California has increased its minimum wage in 2024. The decision, which comes after months of deliberation and input from various stakeholders, is expected to have far-reaching implications for both employees and businesses across the state. The minimum wage in California, effective January 1, 2024, is $16.00/hour for all employers.

Wages in more than 30 California counties are already higher and most of them will rise again in either January or July. Employers always must pay the local minimum wage in the employer’s place of business if it is higher than California’s minimum wage.

The state minimum wage has increased every year for employers of all sizes since 2017 following legislation signed into law by former Gov. Jerry Brown. That law capped the minimum wage at $15. Employers with 26 or more employees reached the cap in January 2022; employers with fewer than 26 employees reached the $15 cap this year.

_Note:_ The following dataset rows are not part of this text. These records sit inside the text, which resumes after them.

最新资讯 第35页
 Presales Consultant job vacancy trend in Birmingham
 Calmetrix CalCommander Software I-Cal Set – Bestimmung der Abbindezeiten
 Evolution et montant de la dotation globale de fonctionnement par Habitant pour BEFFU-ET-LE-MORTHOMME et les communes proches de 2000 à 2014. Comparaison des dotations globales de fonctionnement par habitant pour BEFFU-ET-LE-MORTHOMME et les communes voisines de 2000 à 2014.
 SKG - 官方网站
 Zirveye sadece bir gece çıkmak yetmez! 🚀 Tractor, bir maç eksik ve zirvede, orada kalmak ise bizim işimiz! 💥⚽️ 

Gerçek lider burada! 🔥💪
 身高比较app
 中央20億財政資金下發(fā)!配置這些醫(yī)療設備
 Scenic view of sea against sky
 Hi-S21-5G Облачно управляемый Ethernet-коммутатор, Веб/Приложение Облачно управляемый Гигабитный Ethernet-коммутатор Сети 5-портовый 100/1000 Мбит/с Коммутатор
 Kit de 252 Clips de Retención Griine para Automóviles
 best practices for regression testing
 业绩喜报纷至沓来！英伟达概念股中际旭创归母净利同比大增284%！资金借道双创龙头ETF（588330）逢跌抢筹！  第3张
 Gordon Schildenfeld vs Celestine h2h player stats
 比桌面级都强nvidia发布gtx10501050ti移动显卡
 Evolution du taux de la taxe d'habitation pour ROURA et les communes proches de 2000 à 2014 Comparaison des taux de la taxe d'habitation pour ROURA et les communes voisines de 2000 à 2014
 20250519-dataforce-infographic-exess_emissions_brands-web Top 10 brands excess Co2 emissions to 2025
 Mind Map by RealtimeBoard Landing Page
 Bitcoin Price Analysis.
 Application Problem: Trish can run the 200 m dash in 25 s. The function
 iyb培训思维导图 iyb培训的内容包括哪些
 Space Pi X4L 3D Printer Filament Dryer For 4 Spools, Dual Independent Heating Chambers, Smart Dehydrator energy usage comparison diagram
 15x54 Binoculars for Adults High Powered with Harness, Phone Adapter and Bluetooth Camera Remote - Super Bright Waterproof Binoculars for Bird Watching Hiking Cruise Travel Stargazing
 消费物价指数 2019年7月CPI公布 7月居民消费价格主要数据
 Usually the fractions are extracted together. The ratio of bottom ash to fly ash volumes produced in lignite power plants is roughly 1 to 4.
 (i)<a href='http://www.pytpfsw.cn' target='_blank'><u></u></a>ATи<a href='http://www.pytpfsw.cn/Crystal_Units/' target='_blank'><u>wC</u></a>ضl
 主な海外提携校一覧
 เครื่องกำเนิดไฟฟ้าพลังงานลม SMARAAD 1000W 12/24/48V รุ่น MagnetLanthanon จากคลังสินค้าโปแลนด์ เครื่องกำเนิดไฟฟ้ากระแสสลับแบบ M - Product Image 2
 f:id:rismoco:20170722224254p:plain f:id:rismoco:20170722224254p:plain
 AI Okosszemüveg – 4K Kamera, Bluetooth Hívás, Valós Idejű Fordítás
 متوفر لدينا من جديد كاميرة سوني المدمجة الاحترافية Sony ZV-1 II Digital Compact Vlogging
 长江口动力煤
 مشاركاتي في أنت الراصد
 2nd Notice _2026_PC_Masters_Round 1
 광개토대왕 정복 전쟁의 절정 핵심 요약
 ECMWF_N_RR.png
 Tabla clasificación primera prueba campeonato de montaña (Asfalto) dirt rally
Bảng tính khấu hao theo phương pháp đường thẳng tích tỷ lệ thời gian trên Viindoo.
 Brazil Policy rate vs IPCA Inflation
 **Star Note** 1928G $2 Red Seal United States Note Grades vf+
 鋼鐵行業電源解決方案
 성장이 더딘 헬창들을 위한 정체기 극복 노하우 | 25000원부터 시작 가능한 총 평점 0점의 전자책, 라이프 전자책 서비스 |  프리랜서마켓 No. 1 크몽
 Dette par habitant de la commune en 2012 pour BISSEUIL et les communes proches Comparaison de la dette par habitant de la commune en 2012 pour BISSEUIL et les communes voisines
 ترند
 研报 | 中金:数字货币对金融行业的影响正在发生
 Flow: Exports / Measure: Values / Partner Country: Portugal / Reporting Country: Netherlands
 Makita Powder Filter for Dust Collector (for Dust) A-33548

However, a provision in the law allows wages of at least $15 to be raised annually up to 3.5% (rounded to the nearest 10 cents) for any increase in inflation of over 7% as measured by the National Consumer Price Index. This adjustment happened in 2023, increasing the minimum wage to $15.50, and is happening again now. All California employers of every size will begin paying a minimum wage of $16 beginning Jan. 1, 2024. 

In 2023, the minimum wage was $15.50 for all employees regardless of employer size. Fast-food employees will earn $20 per hour, beginning April 1, 2024. The legislation, AB 1228 by Assemblymember Chris R. Holden (D-Pasadena), authorizes the Fast-Food Council to set fast-food restaurant standards for minimum wage and develop proposals for other working conditions, including health and safety standards and training.

“California is home to more than 500,000 fast-food workers who – for decades – have been fighting for higher wages and better working conditions. Today, we take one step closer to fairer wages, safer and healthier working conditions, and better training by giving hardworking fast-food workers a stronger voice and seat at the table,” Governor Newsom said. 

One of the protections of the minimum wage law is an annual review of the wage rate using the U.S. Consumer Price Index for Urban Wage Earners and Clerical Workers (U.S. CPI-W). The Department of Finance calculated that the U.S. CPI-W increased by 6.16 percent for the period from July 1, 2022, to June 30, 2023, compared to the prior 12-month period. The minimum wage increases each year by the lesser of 3.5 percent, and the rate of change in the averages of the two most recent U.S. CPI-W, unless those averages are negative. If the averages are negative, there is no change in the minimum wage for the following year. On July 31, 2023, Governor Newsom certified the minimum wage increase for all employers for 2024.